**What you are asked to do**
The answer is to be the lines below that lie between the line holding "Жынсылар: Джинсы женские, укороченные, прямого" and the line holding "TEMPERA GIOTTO TUBETTI", inclusive, transcribed exactly and free of pictures.

= Beginning of Section =

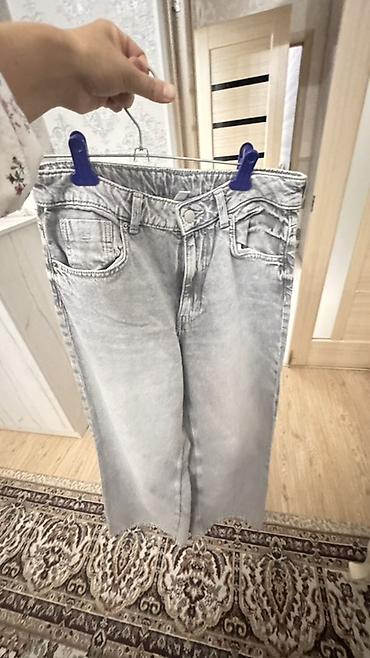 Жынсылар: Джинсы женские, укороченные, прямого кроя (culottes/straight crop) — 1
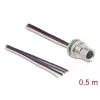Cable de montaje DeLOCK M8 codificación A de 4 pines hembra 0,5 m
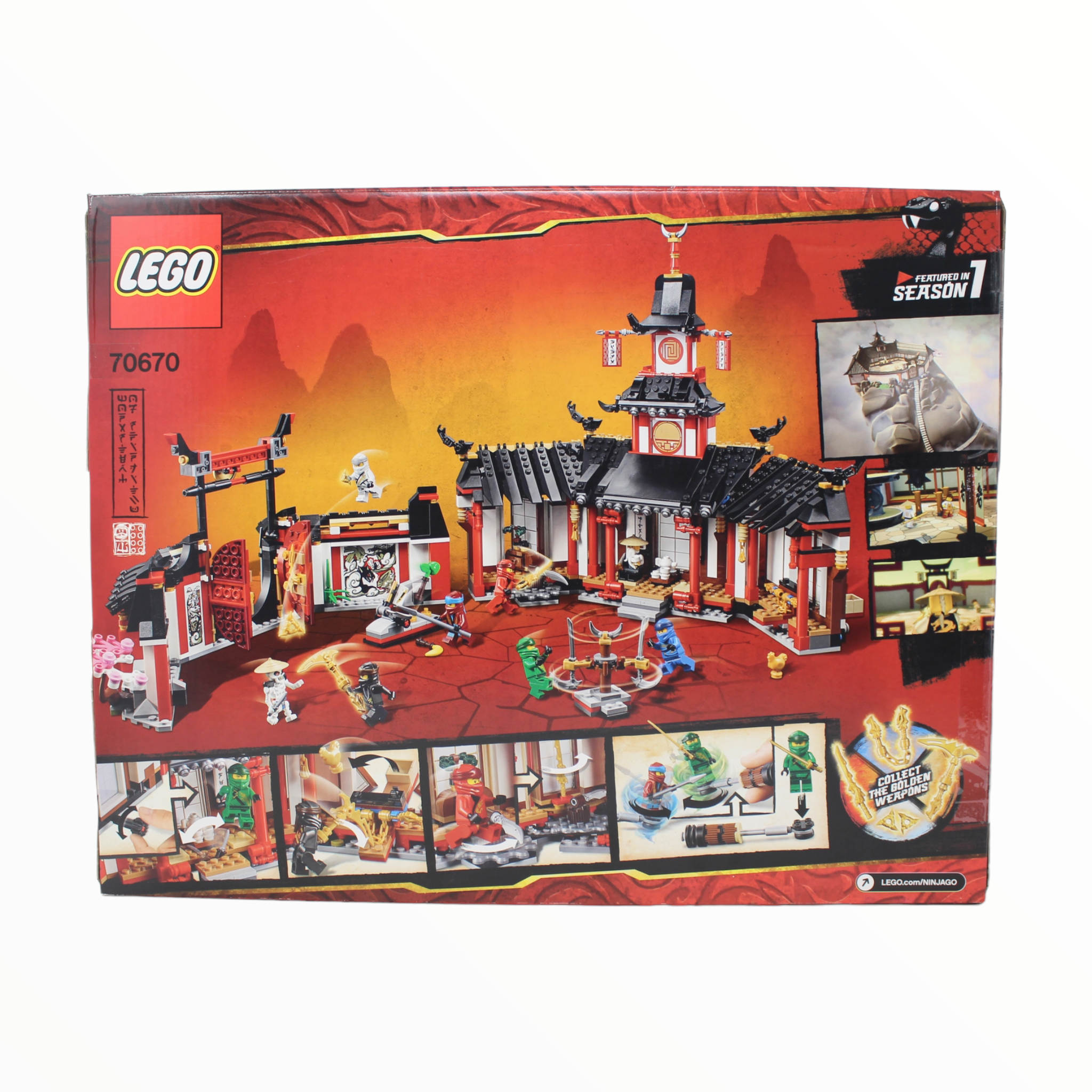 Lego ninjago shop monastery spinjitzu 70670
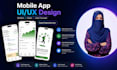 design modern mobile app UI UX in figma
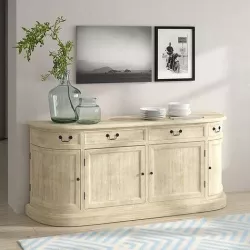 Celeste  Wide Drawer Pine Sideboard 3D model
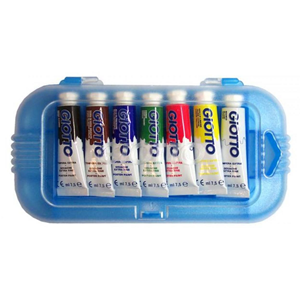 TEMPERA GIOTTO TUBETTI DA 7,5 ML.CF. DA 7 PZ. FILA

= End of Section =
= Beginning of Section =

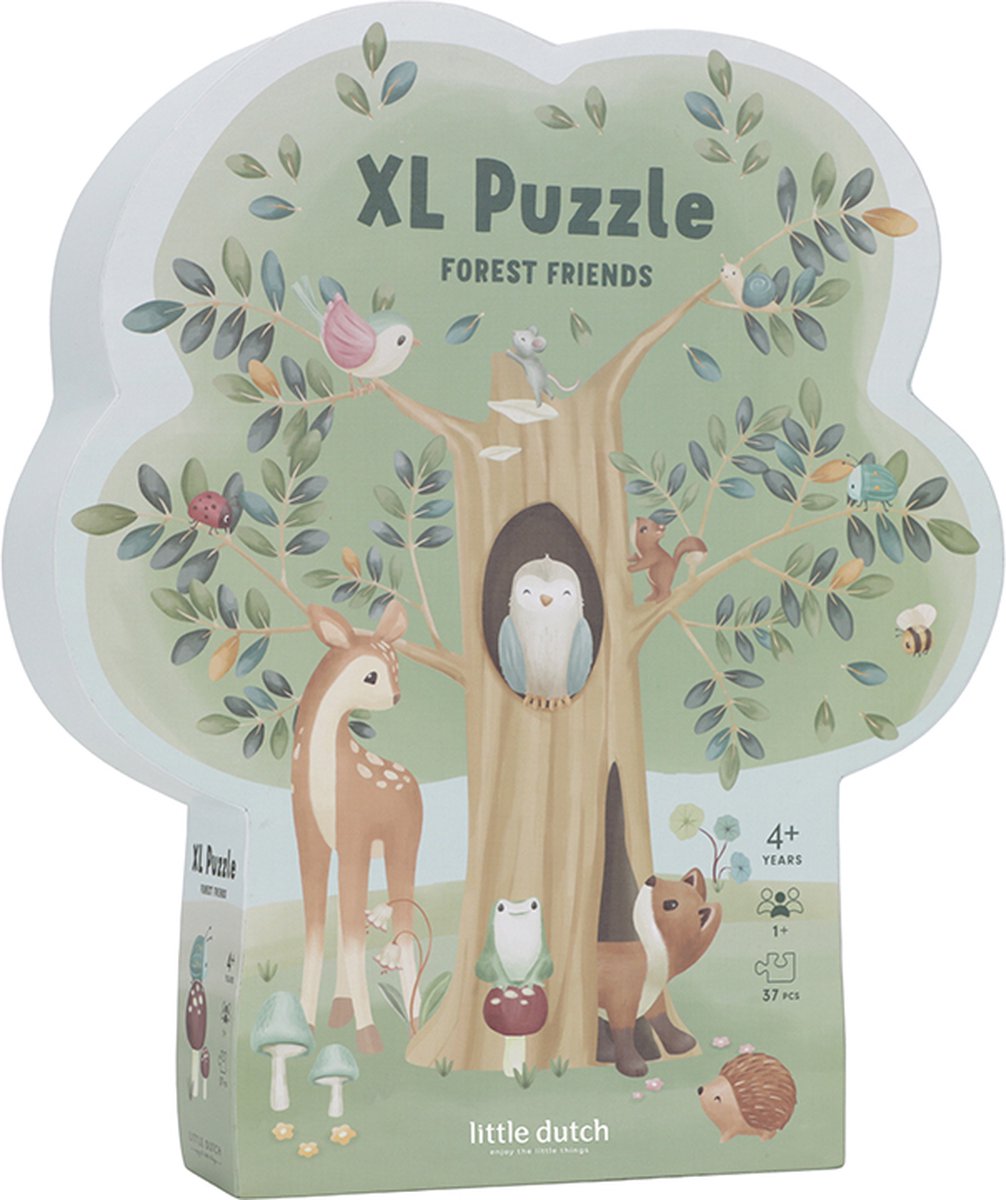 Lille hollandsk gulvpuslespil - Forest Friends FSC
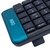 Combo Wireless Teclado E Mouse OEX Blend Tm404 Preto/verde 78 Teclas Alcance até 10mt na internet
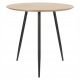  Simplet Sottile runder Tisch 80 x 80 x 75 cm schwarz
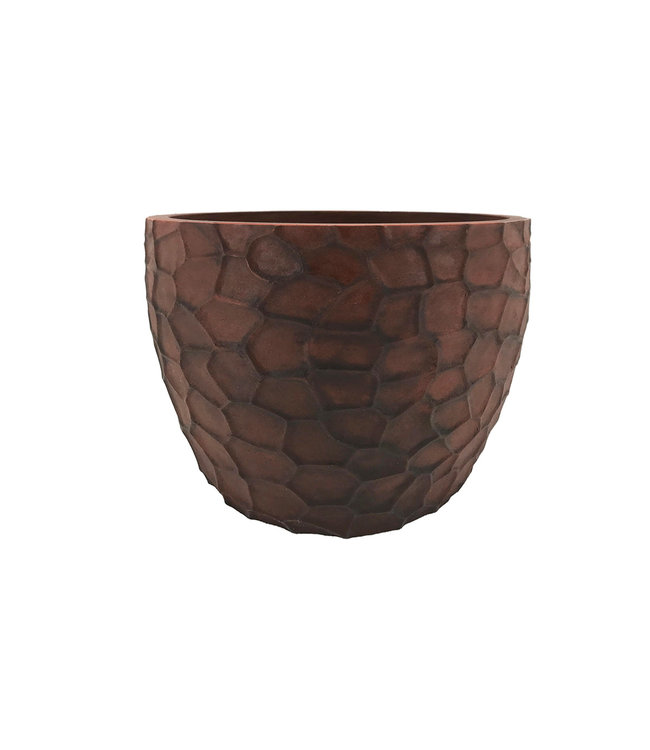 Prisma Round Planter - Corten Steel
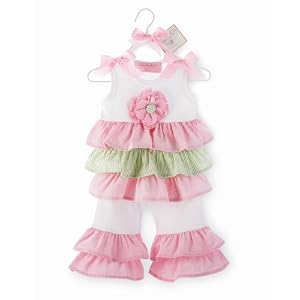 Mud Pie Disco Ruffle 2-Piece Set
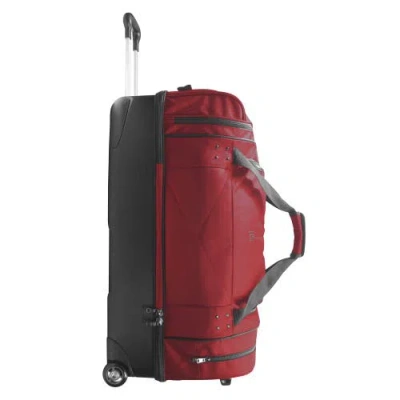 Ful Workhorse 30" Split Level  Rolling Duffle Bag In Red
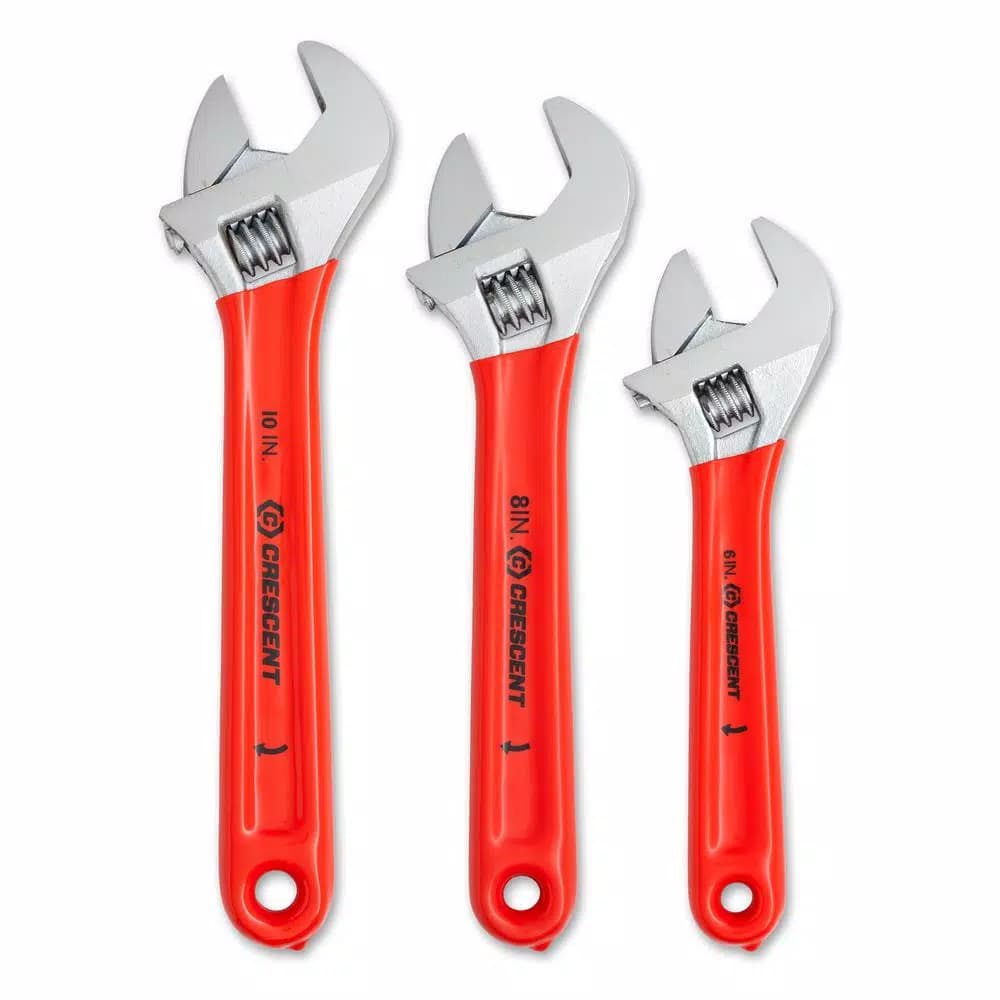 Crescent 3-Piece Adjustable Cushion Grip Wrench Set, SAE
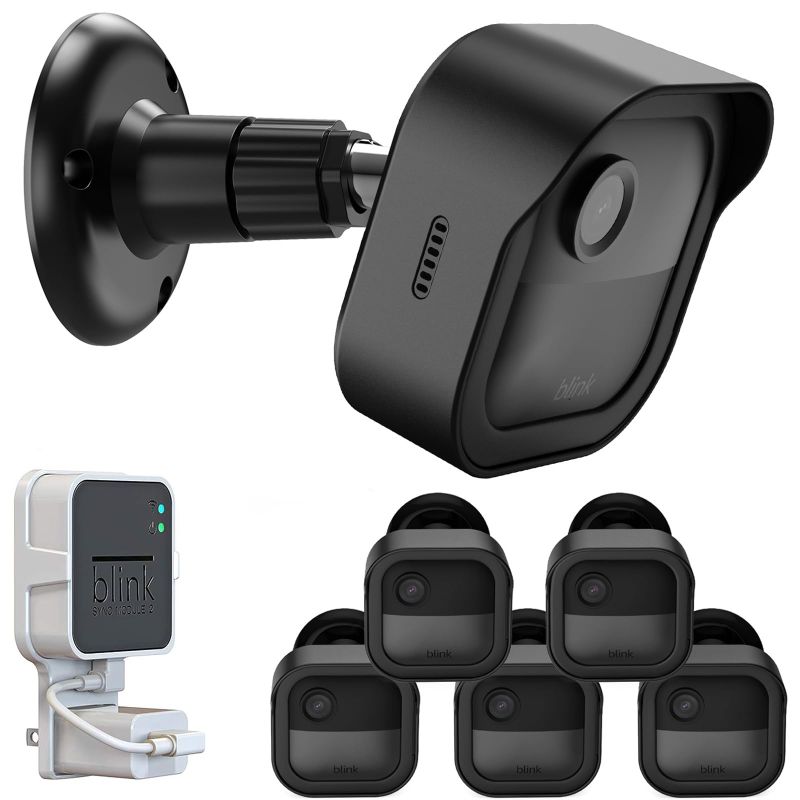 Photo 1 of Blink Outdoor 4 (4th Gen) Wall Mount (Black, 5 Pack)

= End of Section =

**Solution to this problem**
 Жынсылар: Джинсы женские, укороченные, прямого кроя (culottes/straight crop) — 1
Cable de montaje DeLOCK M8 codificación A de 4 pines hembra 0,5 m
 Lego ninjago shop monastery spinjitzu 70670
 design modern mobile app UI UX in figma
 Celeste  Wide Drawer Pine Sideboard 3D model
 TEMPERA GIOTTO TUBETTI DA 7,5 ML.CF. DA 7 PZ. FILA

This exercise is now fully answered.